**WHAT NEEDS TO BE DONE:**
Return the first line of the listing below and all the lines after it through the one containing "马竞接近签下30岁格里马尔多转会费超1000万球员已同意加盟", exactly, without pictures.

**DATA:**
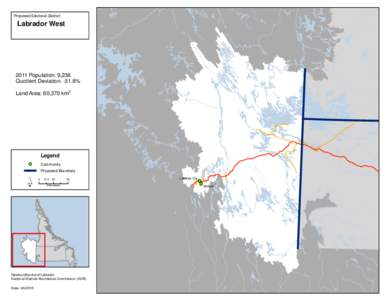 Proposed Electoral District:  Labrador West 2011 Population: 9,238 Quotient Deviation: -31.8%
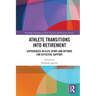 Athlete Transitions into Retirement: Experiences in Elite Sport and Options for Effective Support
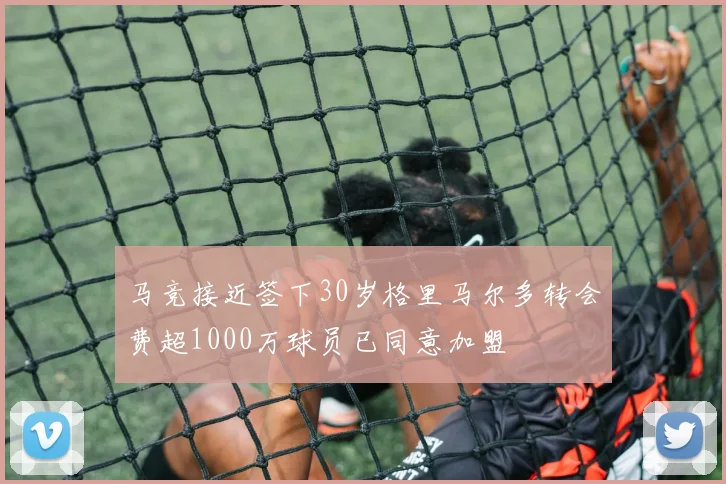 马竞接近签下30岁格里马尔多转会费超1000万球员已同意加盟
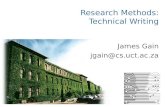 Research Methods: Technical Writing James Gain jgain@cs.uct.ac.za.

**SOLUTION TO THE EXERCISE:**
 Proposed Electoral District:  Labrador West 2011 Population: 9,238 Quotient Deviation: -31.8%
 Athlete Transitions into Retirement: Experiences in Elite Sport and Options for Effective Support
 马竞接近签下30岁格里马尔多转会费超1000万球员已同意加盟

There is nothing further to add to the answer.